Has some citrus overtones unlike the usual c hops. Also a nice spice component with black pepper. Not a lot of the apple and pear.
Chhers
Sean


----------



## thefrothologist

This hop is amazing! You should check out the Apocalypso IPA by Illawarra Brewing Co from Wollongong. Great fruit character that makes such a pleasant IPA. I would really like some if there is come going or people want to do a group buy. One of the most pronounced hops I've tried for a while. A definite crowd pleaser!


----------



## Yob

Hmmm This is next planned brew hop.. going to do an IPA ~55-60 IBU Simcoe bittering to 20 IBU then Calypso at the following

20g 10 min
20g 5 min
20g Whirlpool

smells pretty damn good in the packet so I can only hope it comes through into the finished beer :icon_chickcheers:


----------



## j-dunn

I did a APA with20g simcoe @ 60min,40g calypso at 20 min and 30g dry hopped keg for 4 days .

Awesome beer, had a stone fruit flavour. Very sessionable!


----------



## The Gas Man

Does anyone know where to buy some calypso hops at the moment?


----------



## Brad Churchill

This is from Hops Direct's website in the US.

*On Friday, November 8th by 3 pm (PST) we will release the 2013 CALYPSO and CHINOOK pellets.*
*They will be available for purchase online. *
Not sure if any one local has any 2012 stock. Or perhaps ask Yob if he has any plans for this hop.
Cheers


----------



## Yob

Indeed I do, however, I will be awaiting the new season stocks as well, no plans to re-stock 2012 crop of anything_ unless_ 2013 is unavailable.

It's a terrible game at around this time and my first real season cross over so Ive NFI what Im doing.. running on gut instinct and adrenalin :lol:

I quite liked the 2012 Calypso that I tried, will certainly be playing with it again.

:beerdrink:


----------



## Jessica

I have never used this before I will order this soon and i would love to try this variety. Looking forward to trying the Calypso one this weekend.


----------



## Samuel Adams

I did a single hop APA with Calypso recently, 38 IBU (10 @ 60m & 28 @ cube)
The smell from the packet was amazing, I wanted to live in there Pineapple Express style !

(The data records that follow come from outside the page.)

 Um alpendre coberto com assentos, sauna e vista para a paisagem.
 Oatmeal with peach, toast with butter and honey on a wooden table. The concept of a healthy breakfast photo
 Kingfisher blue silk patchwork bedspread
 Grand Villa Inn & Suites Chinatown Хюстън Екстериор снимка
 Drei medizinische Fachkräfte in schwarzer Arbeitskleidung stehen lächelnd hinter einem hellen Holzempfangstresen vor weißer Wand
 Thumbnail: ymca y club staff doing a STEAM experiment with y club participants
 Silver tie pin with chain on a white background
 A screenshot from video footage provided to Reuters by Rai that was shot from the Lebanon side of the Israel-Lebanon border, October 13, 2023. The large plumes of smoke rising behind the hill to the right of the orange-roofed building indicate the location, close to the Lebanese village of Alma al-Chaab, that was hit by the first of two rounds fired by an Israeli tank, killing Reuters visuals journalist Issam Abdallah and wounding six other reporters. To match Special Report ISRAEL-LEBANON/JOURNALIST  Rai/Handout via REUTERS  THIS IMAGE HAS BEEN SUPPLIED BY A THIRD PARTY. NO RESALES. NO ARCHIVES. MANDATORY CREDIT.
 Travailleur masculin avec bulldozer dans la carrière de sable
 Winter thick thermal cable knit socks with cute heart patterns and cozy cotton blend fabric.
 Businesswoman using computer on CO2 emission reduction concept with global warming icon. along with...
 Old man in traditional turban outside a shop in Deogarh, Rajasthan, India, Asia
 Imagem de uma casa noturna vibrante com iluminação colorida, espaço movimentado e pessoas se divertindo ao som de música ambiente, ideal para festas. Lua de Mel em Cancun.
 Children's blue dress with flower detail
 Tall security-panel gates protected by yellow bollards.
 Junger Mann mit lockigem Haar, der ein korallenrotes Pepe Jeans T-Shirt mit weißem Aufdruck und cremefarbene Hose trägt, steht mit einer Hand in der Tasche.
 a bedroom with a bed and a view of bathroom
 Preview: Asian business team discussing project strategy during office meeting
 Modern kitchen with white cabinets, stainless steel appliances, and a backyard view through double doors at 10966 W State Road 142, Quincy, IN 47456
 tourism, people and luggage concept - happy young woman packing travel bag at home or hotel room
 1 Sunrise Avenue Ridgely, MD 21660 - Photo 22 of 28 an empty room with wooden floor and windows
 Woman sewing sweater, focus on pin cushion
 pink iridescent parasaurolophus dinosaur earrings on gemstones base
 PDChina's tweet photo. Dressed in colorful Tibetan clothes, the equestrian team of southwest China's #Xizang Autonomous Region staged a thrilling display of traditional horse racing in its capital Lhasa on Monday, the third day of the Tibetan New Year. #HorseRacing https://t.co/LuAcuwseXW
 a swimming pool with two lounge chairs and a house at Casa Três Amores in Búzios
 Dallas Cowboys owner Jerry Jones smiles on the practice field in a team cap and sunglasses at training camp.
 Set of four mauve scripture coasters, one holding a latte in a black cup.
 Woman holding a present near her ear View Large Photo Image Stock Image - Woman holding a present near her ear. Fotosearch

Turned out pretty nice, I get a lot of grapefruit from it and maybe a bit of lemon & lime.
Interesting that none of the descriptors say grapefruit but it dominates for me.


----------



## HBHB

Just tasting the following.

Briess Pale Ale 85%
Caramunich1 5%
JW Wheat 10%

calypso to 45IBU @ 60 minutes
Calypso 25g @ 10 min
Calypso 25g @ 0 Min
Calypso 50g dry hopped on day 7 for 5 days.

Rather delicious mixed bag of tropical fruit and a little hint of pear.


----------